**Task objective:** The answer must consist only of the lines in the records below from the line with "The Pyongyang city" to the line with "Professional team working", both included, copied word for word with every picture left out.

**Data:**
Content starts
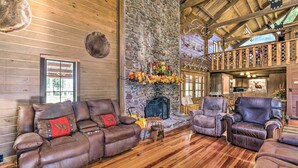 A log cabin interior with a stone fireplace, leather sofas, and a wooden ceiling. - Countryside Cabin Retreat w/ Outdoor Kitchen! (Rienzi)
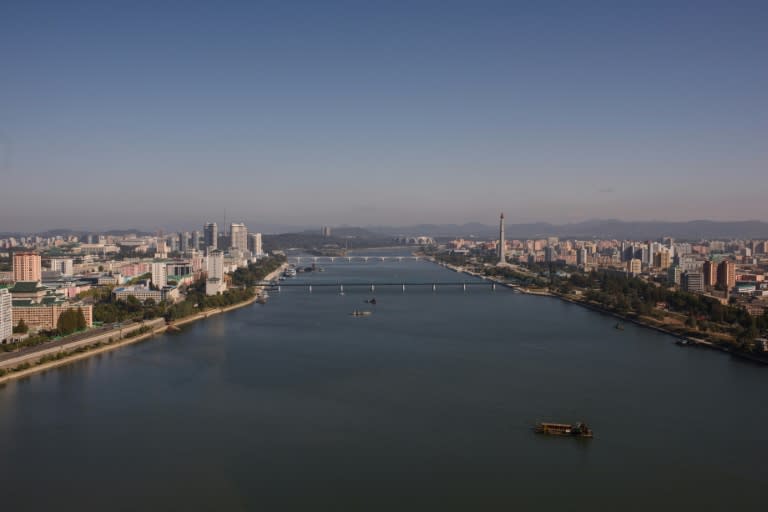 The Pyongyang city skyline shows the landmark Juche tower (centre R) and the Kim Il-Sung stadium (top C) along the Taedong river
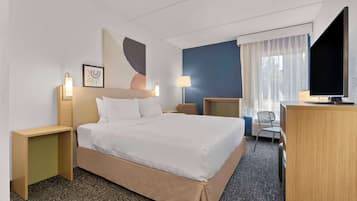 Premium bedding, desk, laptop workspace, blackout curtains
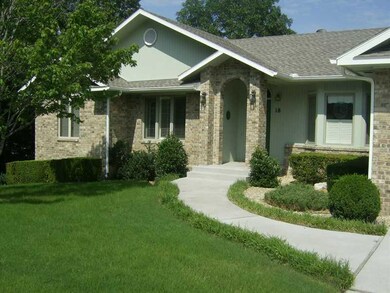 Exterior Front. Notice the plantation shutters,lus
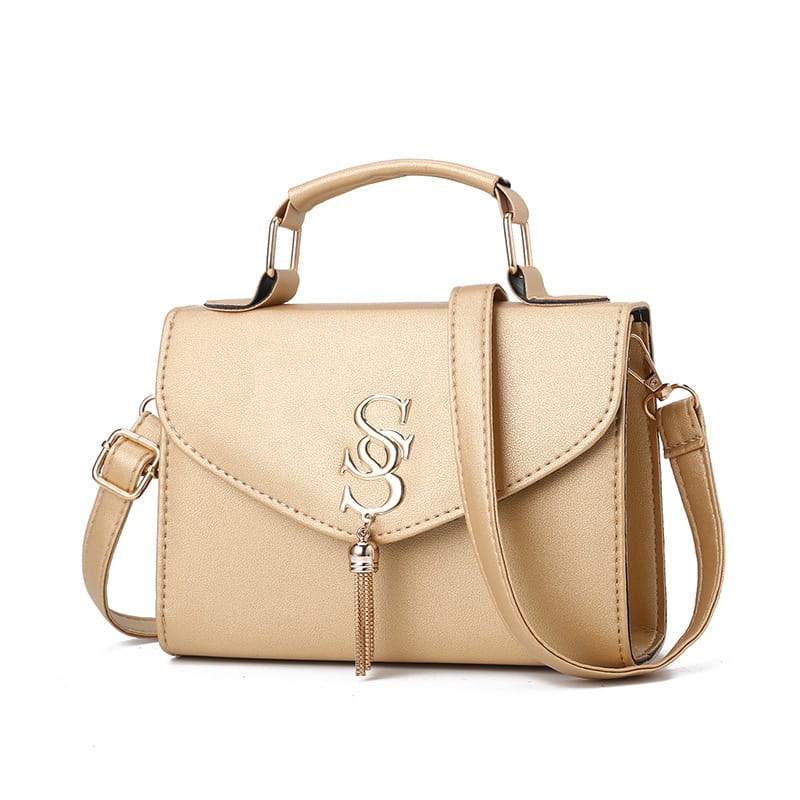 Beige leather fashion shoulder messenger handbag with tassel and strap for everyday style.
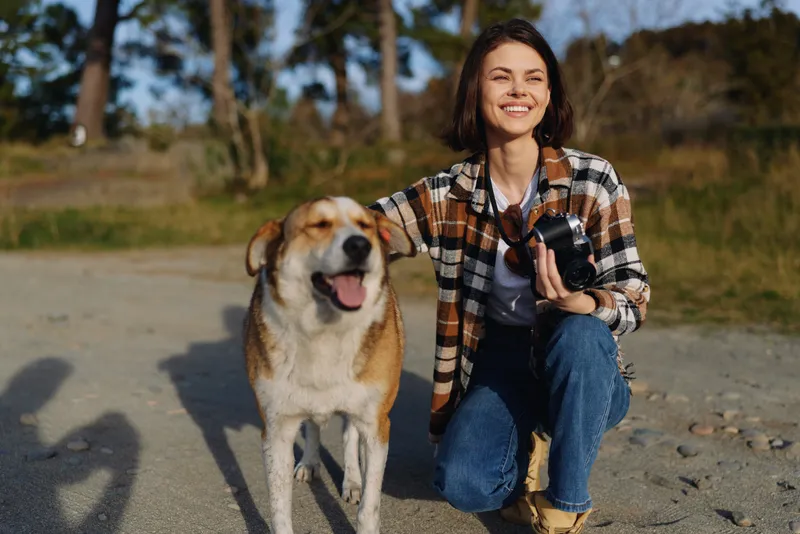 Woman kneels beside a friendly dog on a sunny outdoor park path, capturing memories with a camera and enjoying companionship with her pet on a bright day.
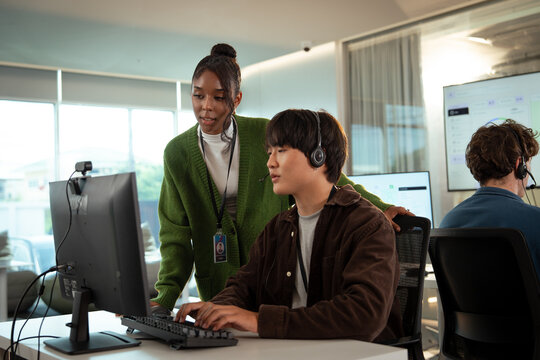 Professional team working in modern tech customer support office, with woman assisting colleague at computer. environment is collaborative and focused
Content ends
Content starts
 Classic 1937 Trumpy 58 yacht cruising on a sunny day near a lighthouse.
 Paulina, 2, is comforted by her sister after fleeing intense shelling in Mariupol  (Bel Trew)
Content ends
Content starts
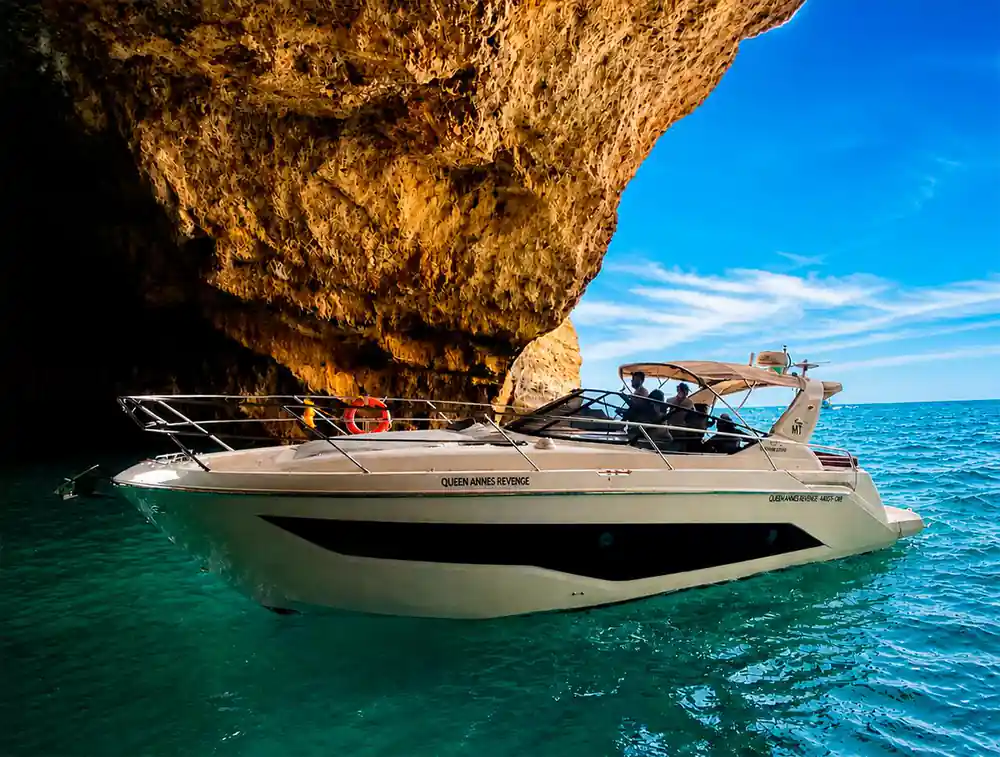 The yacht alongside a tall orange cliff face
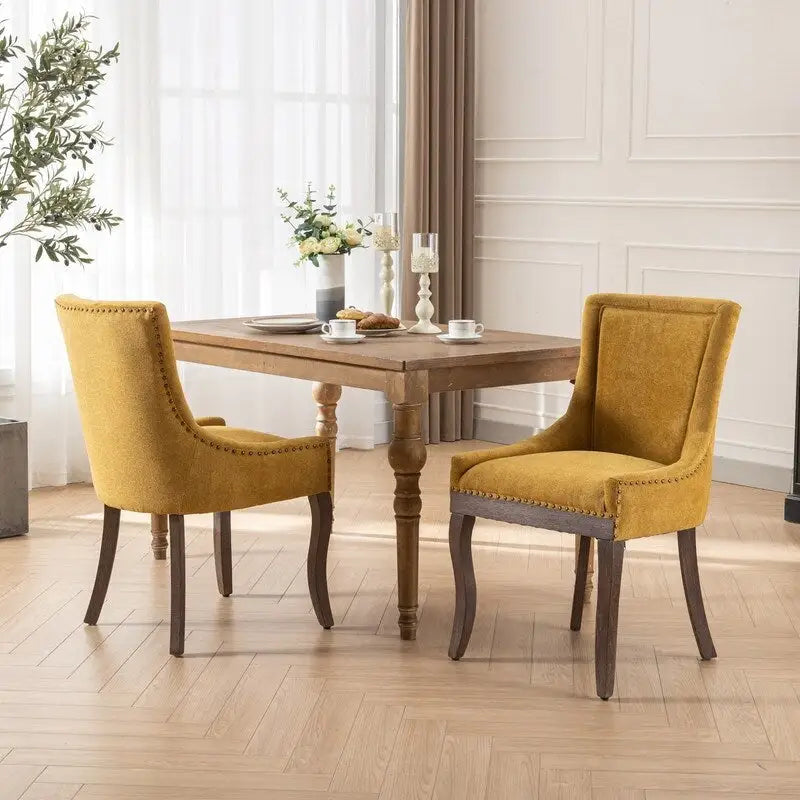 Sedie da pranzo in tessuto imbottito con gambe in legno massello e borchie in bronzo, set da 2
Content ends
**Result of the task:**
 The Pyongyang city skyline shows the landmark Juche tower (centre R) and the Kim Il-Sung stadium (top C) along the Taedong river
 Premium bedding, desk, laptop workspace, blackout curtains
 Exterior Front. Notice the plantation shutters,lus
 Beige leather fashion shoulder messenger handbag with tassel and strap for everyday style.
 Woman kneels beside a friendly dog on a sunny outdoor park path, capturing memories with a camera and enjoying companionship with her pet on a bright day.
 Professional team working in modern tech customer support office, with woman assisting colleague at computer. environment is collaborative and focused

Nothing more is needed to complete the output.